The discussants focus on the fact that fewer books are being taken out from our academic libraries: but this doesn’t have to mean that researchers are ignoring books. In the olden days in order to find out what was in a monograph you had to sit down and look through it. Now you can sample it online, and rule it out before you ever have to visit the library and look at the actual object. Doesn’t mean you’re not using the book just as much as you ever did. Doesn’t even have to mean your not using the physical copy as much: it just means you don’t end up taking off the shelves those books you don’t need to take off the shelves.

So we can assume, I guess, that in the face of this research CUP and OUP will be continuing publishing monographs.

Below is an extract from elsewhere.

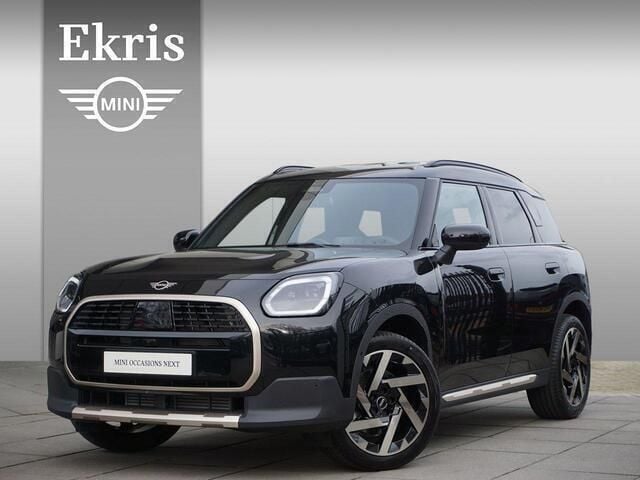 Zwart Gebruikt 2024 Mini Countryman Favoured SUV | € 42.800 - Afbeelding 1/4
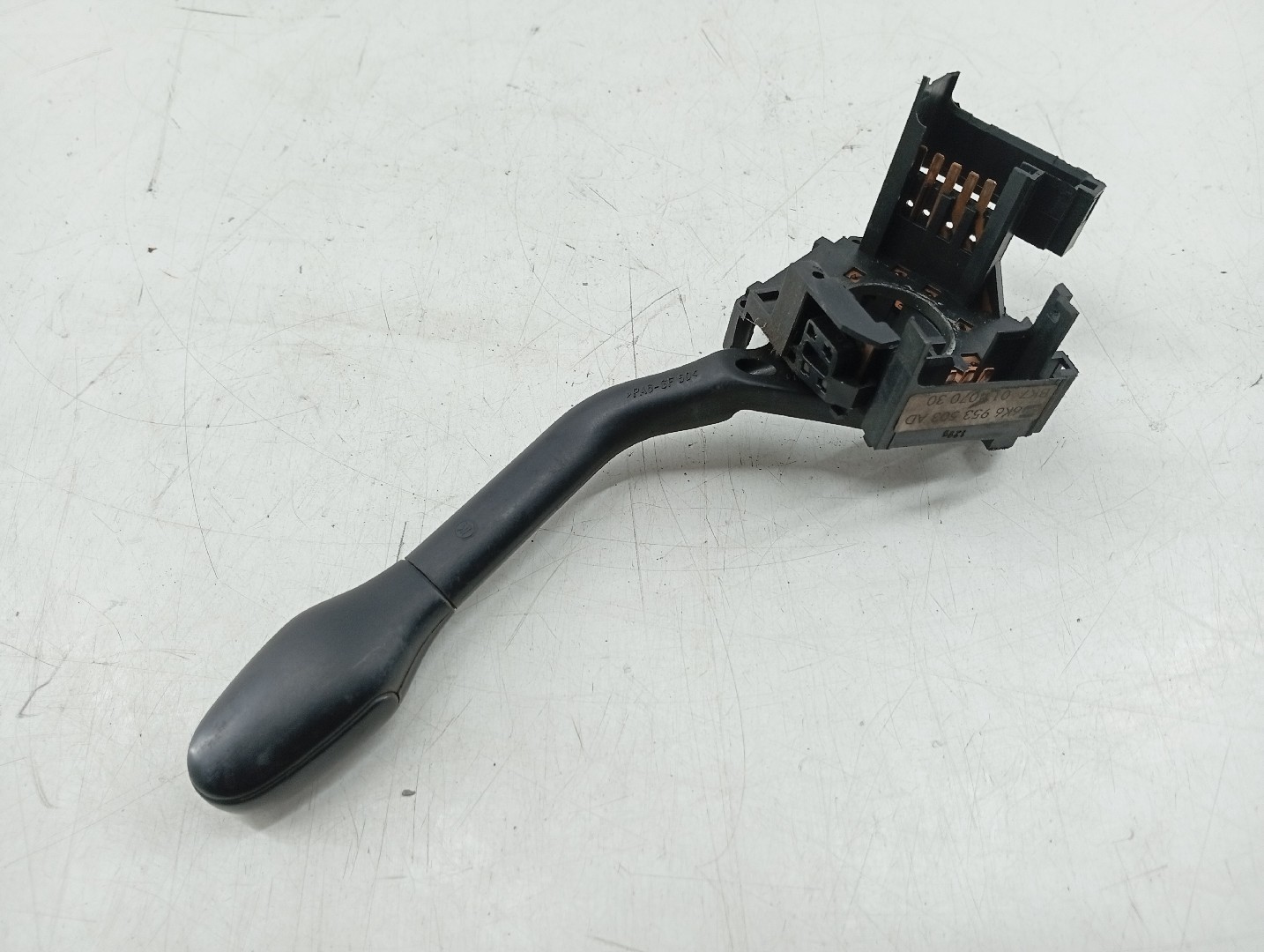 Comutador de limpa-para-brisas VOLKSWAGEN CADDY II Combi (9K9B) | 95 - 04 Imagem-1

In a way of course that was never in doubt. As long as people write these things there will be a need to publish some of them. The real problem is how to make them affordable, or at least not utterly unaffordable. The number of copies of a monograph that can be sold has come crashing down. In my youth 2, or 3,000 was not unheard of. Now print runs of 2, or 300 can be met. I. really don’t think this is because “people don’t buy books any more” — I think it’s absolutely because with the subdivision of disciplines into ever more and more specialized streams, there are just fewer researchers involved in each topic, so that the audience is perforce smaller. What this means is that the retail price of the monograph has to go up: those fixed (plant) costs have to be amortized over the quantity sold, and thus price has to give. This all tends to get a bit circular: higher prices mean fewer buyers; fewer buyers mean higher prices. Still at any given time there is a sort of temporary equilibrium.

Now I’m sure Jeff Bezos likes to read books as much as the next guy, but whether he wants to remain in the book business is something I’m less confident about. I should emphasize that I am inventing this theory out of whole cloth: I have seen no indications and have no knowledge of any idea that he’s thinking of abandoning the book business. I just doubt that there’s very much thinking about the book business going on inside his head nowadays.

This picture of that head is the lead-in for The Atlantic‘s fascinating article, by Frankin Foer, about Jeff Bezos’s Master Plan. (Link via Kathy Sandler’s Technology·Innovation·Publishing.) Books are just there in the picture, tucked away in the occipital lobe. My belief in the likelihood of his giving up on books is based on the vast array of other businesses, much more profitable businesses, that he’s involved in. “At any moment, [Amazon’s] website has more than 600 million items for sale and more than 3 million vendors selling them. With its history of past purchases, it has collected the world’s most comprehensive catalog of consumer desire, which allows it to anticipate both individual and collective needs. With its logistics business—and its growing network of trucks and planes—it has an understanding of the flow of goods around the world.” And then there’s cloud computing, and space exploration, and groceries, and movies and television too.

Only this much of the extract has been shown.